Records from a dataset:
*** Block opens ***

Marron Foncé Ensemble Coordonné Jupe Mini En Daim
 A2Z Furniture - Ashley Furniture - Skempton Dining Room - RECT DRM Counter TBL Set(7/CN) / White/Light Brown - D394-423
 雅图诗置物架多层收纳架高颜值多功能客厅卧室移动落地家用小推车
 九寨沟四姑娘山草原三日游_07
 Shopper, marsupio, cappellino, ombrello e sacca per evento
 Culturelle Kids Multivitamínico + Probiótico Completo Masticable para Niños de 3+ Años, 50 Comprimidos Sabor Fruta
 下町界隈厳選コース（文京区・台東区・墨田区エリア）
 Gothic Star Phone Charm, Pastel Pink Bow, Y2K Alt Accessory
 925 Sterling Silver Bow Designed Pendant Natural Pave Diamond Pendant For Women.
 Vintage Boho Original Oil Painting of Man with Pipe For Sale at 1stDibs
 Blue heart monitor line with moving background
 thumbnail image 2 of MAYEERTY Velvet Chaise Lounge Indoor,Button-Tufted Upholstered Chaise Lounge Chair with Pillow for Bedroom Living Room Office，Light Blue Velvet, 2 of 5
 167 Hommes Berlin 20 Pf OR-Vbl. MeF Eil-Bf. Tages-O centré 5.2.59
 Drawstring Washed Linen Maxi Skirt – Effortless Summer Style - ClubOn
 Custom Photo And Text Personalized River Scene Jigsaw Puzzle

*** Block closes ***

Work request:
Give back all of the data above without any alteration.

Task response:
Marron Foncé Ensemble Coordonné Jupe Mini En Daim
 A2Z Furniture - Ashley Furniture - Skempton Dining Room - RECT DRM Counter TBL Set(7/CN) / White/Light Brown - D394-423
 雅图诗置物架多层收纳架高颜值多功能客厅卧室移动落地家用小推车
 九寨沟四姑娘山草原三日游_07
 Shopper, marsupio, cappellino, ombrello e sacca per evento
 Culturelle Kids Multivitamínico + Probiótico Completo Masticable para Niños de 3+ Años, 50 Comprimidos Sabor Fruta
 下町界隈厳選コース（文京区・台東区・墨田区エリア）
 Gothic Star Phone Charm, Pastel Pink Bow, Y2K Alt Accessory
 925 Sterling Silver Bow Designed Pendant Natural Pave Diamond Pendant For Women.
 Vintage Boho Original Oil Painting of Man with Pipe For Sale at 1stDibs
 Blue heart monitor line with moving background
 thumbnail image 2 of MAYEERTY Velvet Chaise Lounge Indoor,Button-Tufted Upholstered Chaise Lounge Chair with Pillow for Bedroom Living Room Office，Light Blue Velvet, 2 of 5
 167 Hommes Berlin 20 Pf OR-Vbl. MeF Eil-Bf. Tages-O centré 5.2.59
 Drawstring Washed Linen Maxi Skirt – Effortless Summer Style - ClubOn
 Custom Photo And Text Personalized River Scene Jigsaw Puzzle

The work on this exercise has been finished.